The Weinbergs bought the property, part of a subdivision, from the developer, who initially planned to keep the farm for himself. The developer seemed impressive -- he wore fancy suits and drove a Cadillac -- but he was deeply in debt and needed to make a deal, Mr. Weinberg says. But Mr. Weinberg didn't know any of that -- and he didn't dig into the deed records that might have revealed it. (Mortgages usually are attached to deeds.)
After the deal was done, the seller pulled Mr. Weinberg aside. "You paid me too much for the house," he told him. "I was up to here in debt. I needed the money."
"Why didn't you tell me this 10 minutes ago?" Mr. Weinberg recalls asking.

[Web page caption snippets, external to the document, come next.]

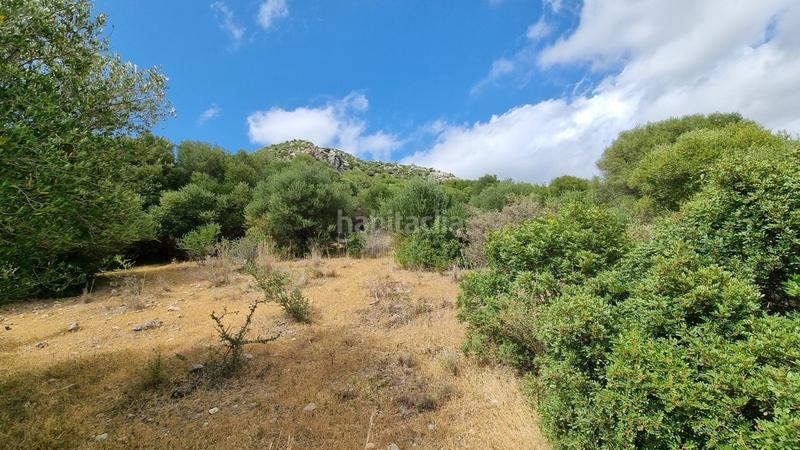 Foto eee30924-f88b-4e20-82f3-dcf9234d4d43. Residential plot in Casares pueblo Casares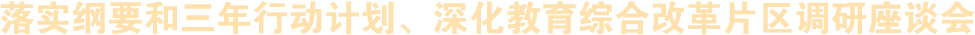 落實(shí)綱要和三年行動(dòng)計(jì)劃、深化教育綜合改革片區(qū)調(diào)研座談會(huì)
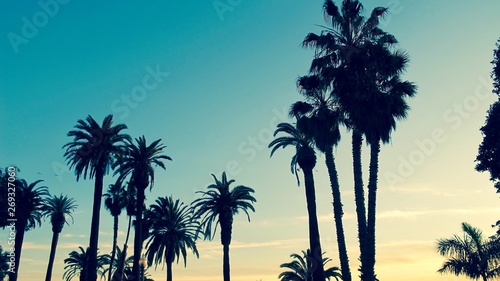 California Palm Trees in Santa Monica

"That's business," the man replied.
In the end, Mr. Weinberg made money on the deal -- he sold the house for $590,000 in 1997, records show. But he knows he could have had the house for less, and he says he resolved never again to be out-researched on a real-estate purchase. He credits that lesson with helping him in later deals, from his current land, which he bought in a complex transaction involving a land swap with the seller, to a house he's considering buying in Tuscany, Italy, for which he has studied up on wild boar, a local nuisance. (They can burrow, he has learned, but they can't jump.)
"My whole thing has been research," he says. "All the answers can be found in city hall."
Mr. Weinberg has no plans to sell the New Jersey house, but he will be leaving it in 2009. "Late Night with Conan O'Brien," the NBC show whose band he leads, will be moving to Los Angeles, and Mr. Weinberg will move with it. Mr. Weinberg has already been on house-hunting missions in Los Angeles -- his broker there, Blair Chang, says they've looked at at least 100 homes so far.
Mr. Weinberg's real dream, he says, is to construct a house based on an unbuilt Frank Lloyd Wright design. He has scouted for land in Los Angeles to do so, and though he says he is unlikely to find a site in time to build a house before his move, he holds out hope for the long term. It's a dream that Mr. Weinberg has had since he was a child, when he fell in love with Wright's work while touring the Wright-designed Guggenheim Museum in New York, and one that he has nurtured through years with Mr. Springsteen's band.
"When I was out on tour, I had a lot of time on my hands," Mr. Weinberg says. "And all I did was read books about architecture and how to build houses."